Ahead of Obama’s State of the Union speech on Wednesday, administration officials said the president would ask Congress to hold the line on spending for many “non-security” programs for three years, starting in 2011. Obama will also propose other measures to give tax relief to the middle-class, but it’s the spending freeze that is already getting the lion’s share of attention across the blogosphere. Here’s how pundits are describing Obama’s big chill:

  • “A spending freeze will make it even harder to get jobs back because government is the last spender around,” laments Robert Reich for Salon. “Consumers have pulled back, investors won’t do much until they know consumers are out there, and exports are minuscule.” When Bill Clinton took an axe to the federal budget in 1996 the economy was already coming out recession, Reich notes. These days “there’s no sign on the horizon of a vigorous recovery.”
     
  • The freeze is a “bright shining gimmick” because it won’t take on major portions of the budget like defense spending, argues The Economist on its Free Exchange blog. “This will do very little about the deficit,” the mag’s scribe concludes, “and it will do even less to convince markets of the credibility of the American effort to trim the deficit.”
     
  • Not so, writes Jonathan Chait for The New Republic.

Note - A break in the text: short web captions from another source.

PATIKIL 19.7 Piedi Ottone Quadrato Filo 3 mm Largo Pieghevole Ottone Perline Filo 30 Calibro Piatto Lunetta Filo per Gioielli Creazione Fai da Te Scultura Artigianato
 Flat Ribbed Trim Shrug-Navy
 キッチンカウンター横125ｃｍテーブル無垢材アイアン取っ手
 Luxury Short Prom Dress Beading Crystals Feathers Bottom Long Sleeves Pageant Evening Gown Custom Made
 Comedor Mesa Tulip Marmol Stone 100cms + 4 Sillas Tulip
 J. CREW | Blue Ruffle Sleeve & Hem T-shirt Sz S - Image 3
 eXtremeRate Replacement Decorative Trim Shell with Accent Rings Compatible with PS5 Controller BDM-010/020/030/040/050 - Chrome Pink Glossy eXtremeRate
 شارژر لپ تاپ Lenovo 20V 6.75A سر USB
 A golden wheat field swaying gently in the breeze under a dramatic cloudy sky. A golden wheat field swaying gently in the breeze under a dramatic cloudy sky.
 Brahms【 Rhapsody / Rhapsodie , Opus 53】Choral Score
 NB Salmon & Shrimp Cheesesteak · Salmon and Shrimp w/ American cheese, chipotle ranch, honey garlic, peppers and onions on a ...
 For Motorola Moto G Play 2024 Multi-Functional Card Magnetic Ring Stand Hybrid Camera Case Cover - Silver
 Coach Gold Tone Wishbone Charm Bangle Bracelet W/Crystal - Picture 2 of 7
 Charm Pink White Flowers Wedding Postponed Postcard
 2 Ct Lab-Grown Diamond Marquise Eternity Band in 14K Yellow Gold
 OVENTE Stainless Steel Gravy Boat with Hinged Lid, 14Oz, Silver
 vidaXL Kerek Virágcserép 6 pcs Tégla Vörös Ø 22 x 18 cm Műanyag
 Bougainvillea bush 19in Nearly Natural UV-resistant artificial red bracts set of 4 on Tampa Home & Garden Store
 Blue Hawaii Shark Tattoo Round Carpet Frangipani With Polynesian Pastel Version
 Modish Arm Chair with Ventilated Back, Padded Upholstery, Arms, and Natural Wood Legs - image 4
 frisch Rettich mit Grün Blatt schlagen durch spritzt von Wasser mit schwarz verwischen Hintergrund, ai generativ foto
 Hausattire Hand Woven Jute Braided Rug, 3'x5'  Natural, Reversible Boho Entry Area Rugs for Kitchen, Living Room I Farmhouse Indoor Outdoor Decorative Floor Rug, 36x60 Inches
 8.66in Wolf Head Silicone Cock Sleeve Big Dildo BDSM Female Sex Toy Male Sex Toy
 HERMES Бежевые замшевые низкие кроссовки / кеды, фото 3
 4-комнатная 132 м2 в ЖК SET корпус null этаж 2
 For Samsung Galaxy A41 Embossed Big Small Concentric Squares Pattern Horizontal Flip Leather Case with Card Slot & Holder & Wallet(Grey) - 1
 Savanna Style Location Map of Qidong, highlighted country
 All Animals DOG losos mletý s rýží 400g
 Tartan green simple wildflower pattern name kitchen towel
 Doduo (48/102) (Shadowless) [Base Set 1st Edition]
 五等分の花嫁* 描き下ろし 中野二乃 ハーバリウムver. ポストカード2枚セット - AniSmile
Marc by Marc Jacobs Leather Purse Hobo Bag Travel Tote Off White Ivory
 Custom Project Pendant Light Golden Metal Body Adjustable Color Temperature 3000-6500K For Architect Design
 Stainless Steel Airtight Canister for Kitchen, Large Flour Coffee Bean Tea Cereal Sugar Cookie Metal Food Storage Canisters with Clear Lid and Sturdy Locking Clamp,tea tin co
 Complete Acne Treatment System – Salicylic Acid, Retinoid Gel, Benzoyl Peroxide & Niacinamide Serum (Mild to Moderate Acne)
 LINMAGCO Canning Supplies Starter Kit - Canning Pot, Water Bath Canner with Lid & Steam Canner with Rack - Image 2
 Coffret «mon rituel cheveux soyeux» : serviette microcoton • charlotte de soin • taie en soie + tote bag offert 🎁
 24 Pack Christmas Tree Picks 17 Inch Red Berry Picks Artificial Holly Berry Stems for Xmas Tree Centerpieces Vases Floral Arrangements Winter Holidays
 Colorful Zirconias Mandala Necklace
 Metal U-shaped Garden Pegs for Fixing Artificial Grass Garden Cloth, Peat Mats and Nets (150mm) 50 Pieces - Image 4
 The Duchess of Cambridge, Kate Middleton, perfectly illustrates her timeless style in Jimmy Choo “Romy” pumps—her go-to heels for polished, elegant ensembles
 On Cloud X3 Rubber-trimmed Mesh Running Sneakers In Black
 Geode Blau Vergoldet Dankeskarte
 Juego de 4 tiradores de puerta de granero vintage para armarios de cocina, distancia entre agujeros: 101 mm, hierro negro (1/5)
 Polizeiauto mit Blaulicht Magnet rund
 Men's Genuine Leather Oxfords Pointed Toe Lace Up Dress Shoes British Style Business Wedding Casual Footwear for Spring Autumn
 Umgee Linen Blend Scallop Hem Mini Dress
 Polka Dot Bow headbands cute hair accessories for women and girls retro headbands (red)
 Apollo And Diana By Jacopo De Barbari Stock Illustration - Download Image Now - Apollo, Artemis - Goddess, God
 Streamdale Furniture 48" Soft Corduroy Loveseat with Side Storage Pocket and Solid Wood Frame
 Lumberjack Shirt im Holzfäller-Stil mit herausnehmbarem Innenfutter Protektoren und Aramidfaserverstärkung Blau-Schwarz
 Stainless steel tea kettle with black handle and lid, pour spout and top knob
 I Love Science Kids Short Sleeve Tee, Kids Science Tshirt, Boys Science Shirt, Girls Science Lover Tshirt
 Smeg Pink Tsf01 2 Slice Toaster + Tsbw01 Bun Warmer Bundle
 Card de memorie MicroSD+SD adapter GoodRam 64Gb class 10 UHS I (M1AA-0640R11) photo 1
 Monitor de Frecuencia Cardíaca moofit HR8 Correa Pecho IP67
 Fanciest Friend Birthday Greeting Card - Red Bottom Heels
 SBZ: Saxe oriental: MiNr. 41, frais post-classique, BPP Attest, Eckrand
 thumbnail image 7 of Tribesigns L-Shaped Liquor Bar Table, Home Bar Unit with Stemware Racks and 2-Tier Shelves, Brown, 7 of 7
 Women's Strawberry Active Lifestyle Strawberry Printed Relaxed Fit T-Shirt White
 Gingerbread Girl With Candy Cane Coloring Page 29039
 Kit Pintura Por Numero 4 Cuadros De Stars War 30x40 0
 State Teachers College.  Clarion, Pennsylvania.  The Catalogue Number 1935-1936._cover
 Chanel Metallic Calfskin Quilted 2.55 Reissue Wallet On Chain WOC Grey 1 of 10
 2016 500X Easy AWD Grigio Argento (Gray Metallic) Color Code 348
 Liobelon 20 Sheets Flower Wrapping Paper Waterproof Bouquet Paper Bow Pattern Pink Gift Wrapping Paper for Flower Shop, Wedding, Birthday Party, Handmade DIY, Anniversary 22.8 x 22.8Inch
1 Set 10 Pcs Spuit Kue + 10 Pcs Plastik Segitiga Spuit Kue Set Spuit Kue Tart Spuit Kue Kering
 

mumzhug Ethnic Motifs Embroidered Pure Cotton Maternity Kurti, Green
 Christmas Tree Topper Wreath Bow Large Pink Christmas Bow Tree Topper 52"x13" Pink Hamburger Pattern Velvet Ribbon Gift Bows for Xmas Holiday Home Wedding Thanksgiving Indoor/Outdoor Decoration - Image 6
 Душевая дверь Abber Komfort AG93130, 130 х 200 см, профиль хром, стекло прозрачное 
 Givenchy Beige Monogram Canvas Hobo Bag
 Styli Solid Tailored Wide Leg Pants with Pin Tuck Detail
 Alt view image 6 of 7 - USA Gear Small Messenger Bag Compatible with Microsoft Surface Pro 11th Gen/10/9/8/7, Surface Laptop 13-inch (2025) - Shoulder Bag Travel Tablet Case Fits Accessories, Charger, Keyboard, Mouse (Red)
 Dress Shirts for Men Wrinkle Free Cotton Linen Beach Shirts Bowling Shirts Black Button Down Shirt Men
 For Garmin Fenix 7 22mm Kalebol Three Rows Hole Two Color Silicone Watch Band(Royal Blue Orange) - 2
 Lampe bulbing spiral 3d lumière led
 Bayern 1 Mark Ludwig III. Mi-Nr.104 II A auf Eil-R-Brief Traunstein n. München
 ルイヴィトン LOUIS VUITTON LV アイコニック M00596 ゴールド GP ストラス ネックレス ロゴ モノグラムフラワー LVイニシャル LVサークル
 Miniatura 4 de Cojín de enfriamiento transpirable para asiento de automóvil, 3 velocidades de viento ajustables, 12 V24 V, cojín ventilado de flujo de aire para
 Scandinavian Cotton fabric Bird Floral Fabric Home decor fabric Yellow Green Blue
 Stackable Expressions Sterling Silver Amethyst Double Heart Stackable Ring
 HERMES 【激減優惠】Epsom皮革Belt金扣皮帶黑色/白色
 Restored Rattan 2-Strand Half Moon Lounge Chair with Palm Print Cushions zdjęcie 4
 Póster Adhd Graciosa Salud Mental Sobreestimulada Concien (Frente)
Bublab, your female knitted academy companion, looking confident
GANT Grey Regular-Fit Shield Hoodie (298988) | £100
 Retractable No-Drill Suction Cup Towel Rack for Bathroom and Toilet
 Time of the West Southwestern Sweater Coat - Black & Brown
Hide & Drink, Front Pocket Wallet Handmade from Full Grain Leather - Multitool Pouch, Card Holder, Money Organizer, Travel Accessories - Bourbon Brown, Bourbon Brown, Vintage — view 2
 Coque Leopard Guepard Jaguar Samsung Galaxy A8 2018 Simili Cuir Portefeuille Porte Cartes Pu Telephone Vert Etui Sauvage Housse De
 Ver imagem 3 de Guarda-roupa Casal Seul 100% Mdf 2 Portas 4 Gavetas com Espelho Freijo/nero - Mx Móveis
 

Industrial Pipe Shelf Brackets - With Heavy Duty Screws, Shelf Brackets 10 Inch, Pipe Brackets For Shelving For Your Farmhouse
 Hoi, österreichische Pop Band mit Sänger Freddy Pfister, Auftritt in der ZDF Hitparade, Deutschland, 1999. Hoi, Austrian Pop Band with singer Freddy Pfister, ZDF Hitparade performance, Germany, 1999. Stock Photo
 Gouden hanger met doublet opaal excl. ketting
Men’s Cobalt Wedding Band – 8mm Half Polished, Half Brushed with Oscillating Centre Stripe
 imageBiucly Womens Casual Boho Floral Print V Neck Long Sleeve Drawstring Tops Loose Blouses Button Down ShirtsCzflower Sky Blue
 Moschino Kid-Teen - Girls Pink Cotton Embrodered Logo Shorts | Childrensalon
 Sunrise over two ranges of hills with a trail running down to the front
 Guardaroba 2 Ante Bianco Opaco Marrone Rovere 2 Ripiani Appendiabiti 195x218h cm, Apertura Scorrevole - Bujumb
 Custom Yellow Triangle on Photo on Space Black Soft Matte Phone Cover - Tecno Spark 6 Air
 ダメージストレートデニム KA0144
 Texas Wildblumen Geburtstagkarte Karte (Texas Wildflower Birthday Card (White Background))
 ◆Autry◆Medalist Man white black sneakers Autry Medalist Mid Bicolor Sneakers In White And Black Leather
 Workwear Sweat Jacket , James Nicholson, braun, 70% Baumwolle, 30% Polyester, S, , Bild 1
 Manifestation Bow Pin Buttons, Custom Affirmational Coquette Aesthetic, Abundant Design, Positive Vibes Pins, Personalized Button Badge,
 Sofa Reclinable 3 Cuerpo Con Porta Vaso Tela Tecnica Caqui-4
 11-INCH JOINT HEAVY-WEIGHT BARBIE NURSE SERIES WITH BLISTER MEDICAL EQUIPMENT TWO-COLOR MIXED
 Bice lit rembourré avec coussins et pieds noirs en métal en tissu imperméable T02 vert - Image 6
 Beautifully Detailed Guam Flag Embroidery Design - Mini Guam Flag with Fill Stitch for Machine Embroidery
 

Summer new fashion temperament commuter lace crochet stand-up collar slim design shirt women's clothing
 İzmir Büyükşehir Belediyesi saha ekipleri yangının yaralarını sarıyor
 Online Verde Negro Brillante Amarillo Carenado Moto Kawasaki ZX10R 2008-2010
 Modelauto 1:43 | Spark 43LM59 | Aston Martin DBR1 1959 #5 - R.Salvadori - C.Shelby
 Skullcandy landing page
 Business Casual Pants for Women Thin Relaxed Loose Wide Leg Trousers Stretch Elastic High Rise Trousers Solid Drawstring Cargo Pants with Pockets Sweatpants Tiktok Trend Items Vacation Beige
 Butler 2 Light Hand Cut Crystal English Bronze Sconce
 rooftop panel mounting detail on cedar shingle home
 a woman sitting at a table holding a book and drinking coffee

The freeze sends a “psychological” signal to Wall Street that the government is credible when talking about taking on the deficit. The plan could then provide cover for Congress and the President to enact a $100 billion to $200 billion jobs bill next year, he writes.
     
  • Polling whiz Nate Silver blogs on FiveThirtyEight that the freeze could “play well in the near-term” but it might ultimately make Democrats who also push for health care reform or new spending programs look “flip-floppy.”
     
  • Conservative blogger Allahpundit writes for HotAir that Obama’s freeze is a “cynical move” to win back sagging support from independents. “But even a cosmetic gesture deserves a golf clap, no?”  he writes.
     
  • Over at The Atlantic, blogger Marc Ambinder is also skeptical of the freeze but doesn’t totally rule out it could be a winner. “The big if -- IF the president really fights for this...fights against his own party, and does so with conviction -- if Democrats decide to embrace this (which is doubtful), then it could help both his party and himself,” he writes.